▶ _The input_
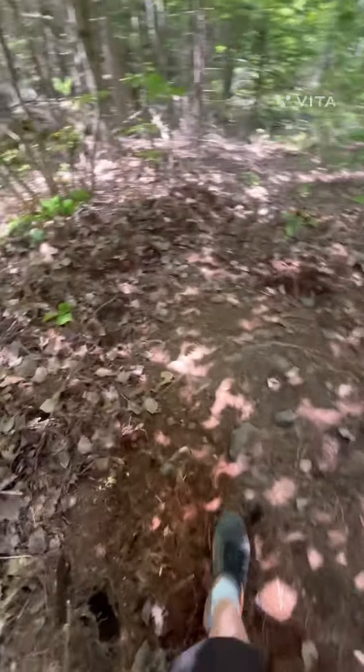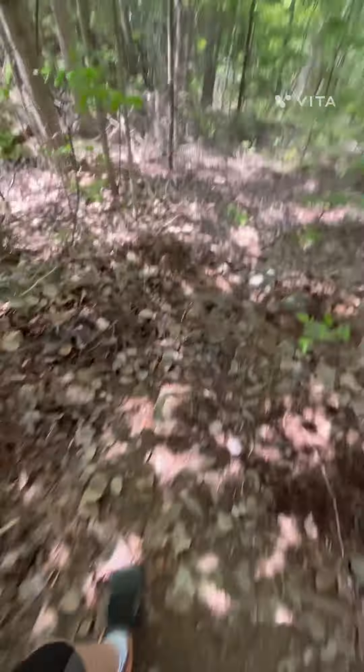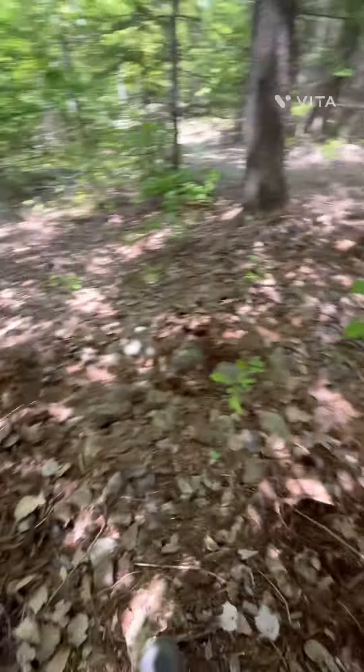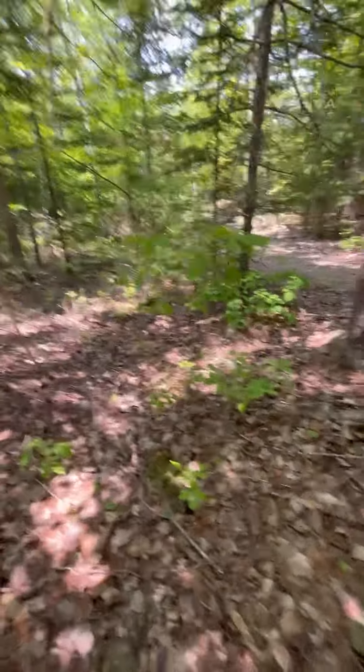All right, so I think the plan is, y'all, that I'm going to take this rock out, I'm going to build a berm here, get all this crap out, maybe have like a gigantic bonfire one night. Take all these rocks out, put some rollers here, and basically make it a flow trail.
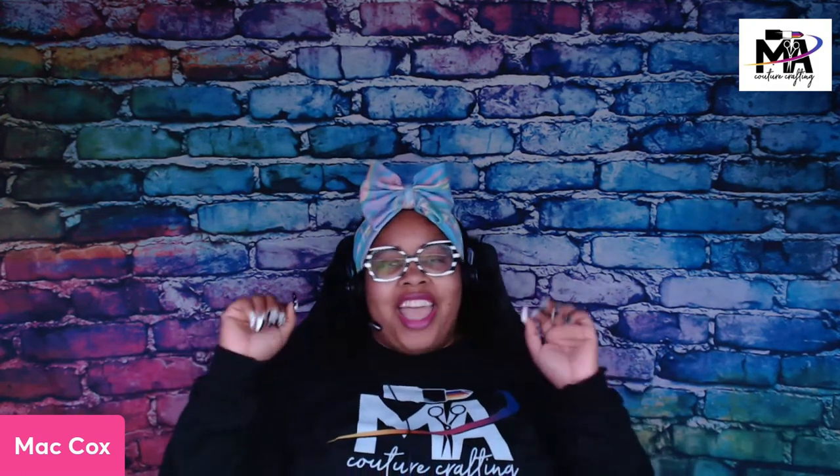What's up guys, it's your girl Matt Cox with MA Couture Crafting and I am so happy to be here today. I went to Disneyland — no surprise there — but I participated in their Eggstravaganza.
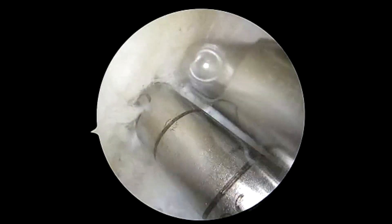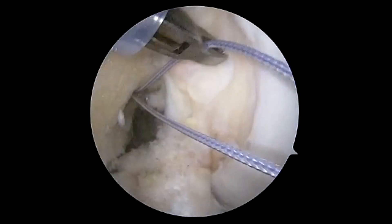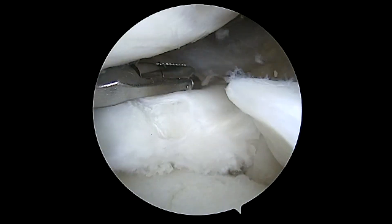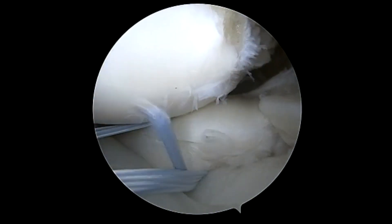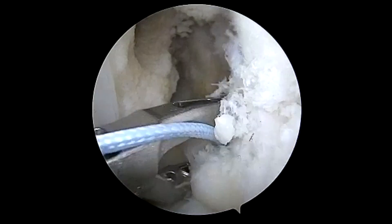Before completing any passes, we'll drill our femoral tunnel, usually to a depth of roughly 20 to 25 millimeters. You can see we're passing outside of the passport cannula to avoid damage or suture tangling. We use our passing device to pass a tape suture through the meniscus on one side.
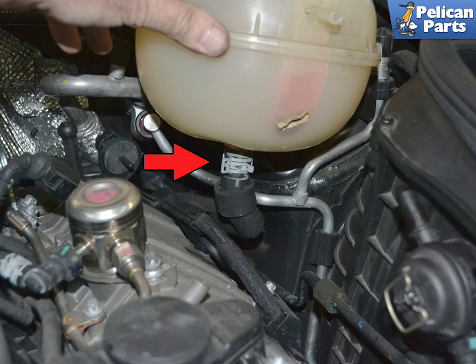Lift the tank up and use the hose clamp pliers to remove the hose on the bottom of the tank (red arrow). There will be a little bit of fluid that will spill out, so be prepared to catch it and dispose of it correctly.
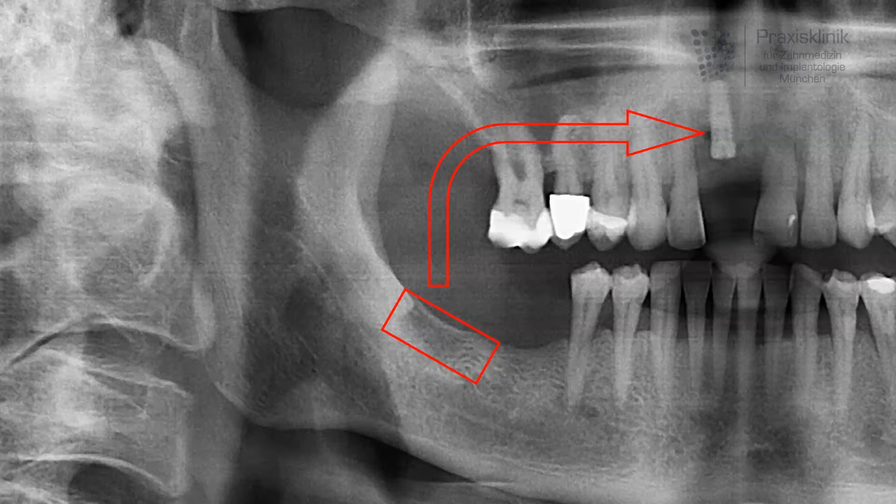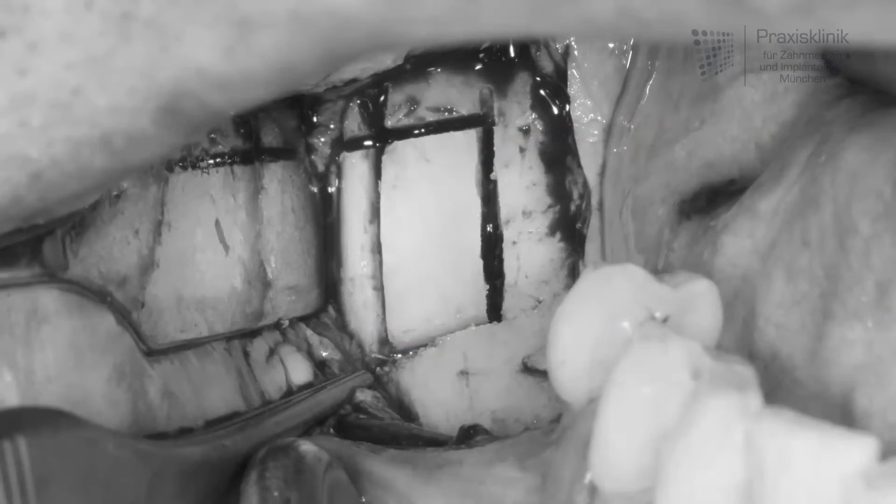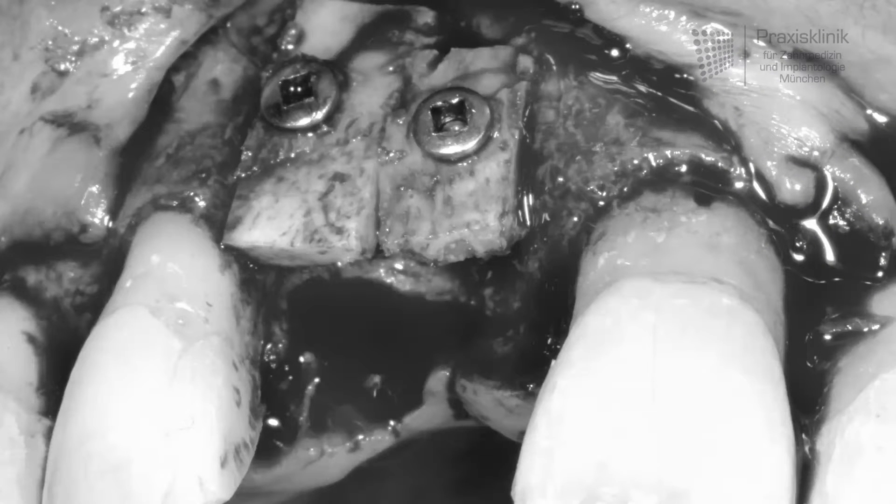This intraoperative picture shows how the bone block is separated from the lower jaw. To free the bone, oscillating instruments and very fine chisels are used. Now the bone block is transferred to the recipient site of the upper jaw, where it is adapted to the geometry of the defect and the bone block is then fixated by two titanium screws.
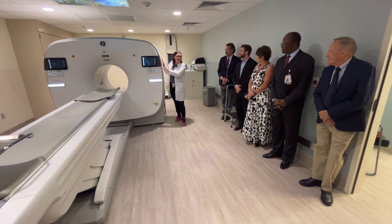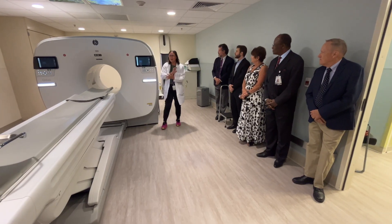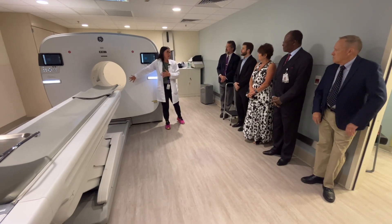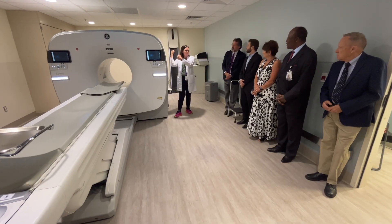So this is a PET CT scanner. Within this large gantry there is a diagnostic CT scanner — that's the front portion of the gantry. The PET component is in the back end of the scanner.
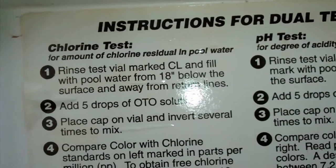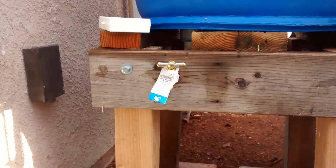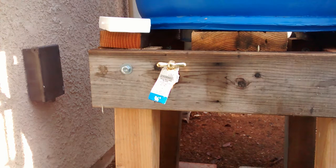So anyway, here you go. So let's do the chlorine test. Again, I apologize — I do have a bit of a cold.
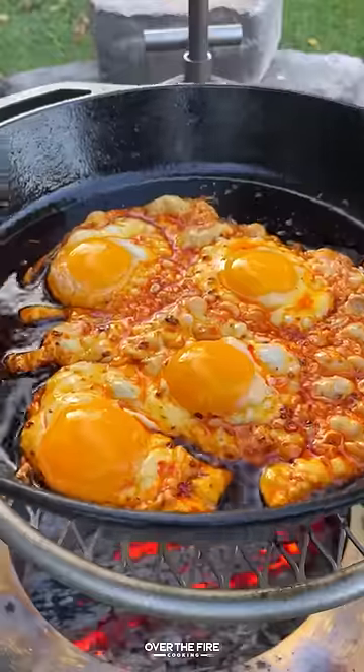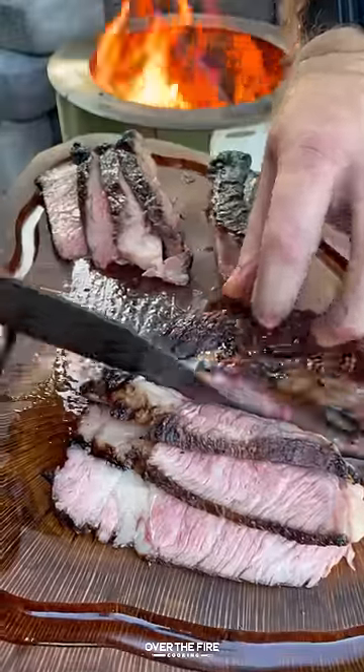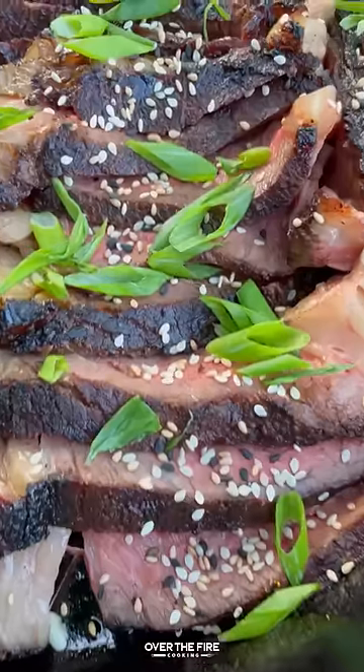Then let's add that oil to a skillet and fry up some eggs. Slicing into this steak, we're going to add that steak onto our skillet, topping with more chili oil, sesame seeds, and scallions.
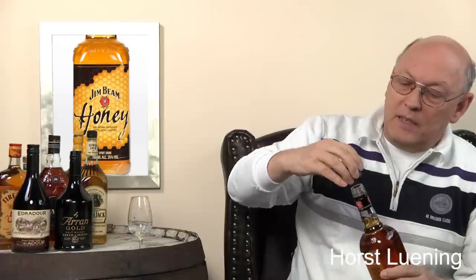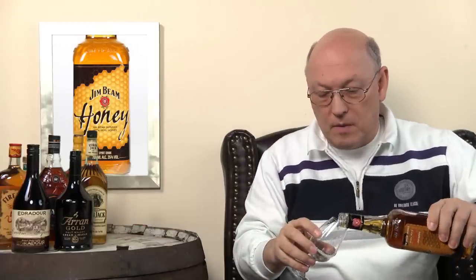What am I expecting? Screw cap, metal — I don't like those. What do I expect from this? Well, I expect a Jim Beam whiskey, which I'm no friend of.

▶ _Exercise goal_
From the line with "Then let's add" down to the last line of the entries above, set down every line exactly, apart from the pictures.

▶ _Task output_
Then let's add that oil to a skillet and fry up some eggs. Slicing into this steak, we're going to add that steak onto our skillet, topping with more chili oil, sesame seeds, and scallions.
What am I expecting? Screw cap, metal — I don't like those. What do I expect from this? Well, I expect a Jim Beam whiskey, which I'm no friend of.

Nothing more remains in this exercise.